Food-safety-first mentality: Consumers are developing a dramatically heightened sense of what they view as safe food handling practices and an increasing desire to know where their food came from, how it was grown, raised and processed. We see this continuing into a post-COVID environment as consumers’ focus on how their food was handled has been exponentially amplified.

Expanded sanitization behaviors: The increased use of sanitizers, wipes and hand washing will likely continue. More consumers will carry sanitizers and wipes and also expect restaurants to supply them. Self-sanitizing of dining room seating and tables will become routine for many.

Curbside pick-up will become more popular: Curb-side pick-up offers the best of all options. It’s convenient, the food is hotter and fresher than delivery and there is no delivery person handling it. We see curb-side and other minimal-touch pick-up options increasing in popularity.

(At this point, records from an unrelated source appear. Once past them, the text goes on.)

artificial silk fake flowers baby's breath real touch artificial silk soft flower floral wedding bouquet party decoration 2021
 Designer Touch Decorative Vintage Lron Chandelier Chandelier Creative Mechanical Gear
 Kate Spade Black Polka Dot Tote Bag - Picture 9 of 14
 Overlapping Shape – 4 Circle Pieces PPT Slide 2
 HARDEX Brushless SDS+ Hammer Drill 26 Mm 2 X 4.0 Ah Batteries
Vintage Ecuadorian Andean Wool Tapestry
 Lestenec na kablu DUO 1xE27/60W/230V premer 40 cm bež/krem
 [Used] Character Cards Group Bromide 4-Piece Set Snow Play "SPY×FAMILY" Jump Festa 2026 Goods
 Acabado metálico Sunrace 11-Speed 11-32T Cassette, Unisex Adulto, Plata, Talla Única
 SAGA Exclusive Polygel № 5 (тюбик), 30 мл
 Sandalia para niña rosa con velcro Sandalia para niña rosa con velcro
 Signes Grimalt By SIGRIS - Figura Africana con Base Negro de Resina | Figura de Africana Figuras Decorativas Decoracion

In-store self-ordering will be reinvented to a no-touch solution: Consumers have been trained to order using digital pads in restaurants. Operators have cut back on cashiers as a result. We are quickly moving to a no-touch world and digital ordering solutions need to evolve to allow this.

Improved take-out/delivery packaging: The slow crawl to better take-out and delivery packaging is about to change. In our new post-COVID-19 world, packaging will need to be tamper-evident and maintain the food’s temperature, moisture and presentation.

Expanded take-out/delivery for fine-dining/chef-driven brands: Chef-driven food is what many consumers want, but many of these restaurants have traditionally done little take-out or delivery.

Operators

Foodservice operators now have the tall task of adjusting to the behavioral changes that COVID-19 has brought upon the consumer. Some of these adjustments will become more permanent and will force the operator to adapt. In addition, while consumers are struggling to adjust, Foodservice operators will need a seismic shift in their operations, as well in their overall business. We believe there are 13 areas of operational shifts that will occur as operators adjust to the new post-crisis environment.

Manufacturers 

As consumers and operators shift their buying habits and operational structures, manufacturers must accelerate their focus on supply chain transparency and contingency planning. Operators will be looking for partners who can work collaboratively in a solutions-based relationship. Operators will not have the time or patience to withstand a traditional sales approach by a supplier. Clear expectations will be set, and suppliers will be able to build better strategic partnerships if they are able to meet or exceed these expectations. Manufacturers and operators must now work more closely together to ensure everyone is safe and protected. 

In times of rapid and drastic change, those who are quick to adjust will lead the way for the industry to follow.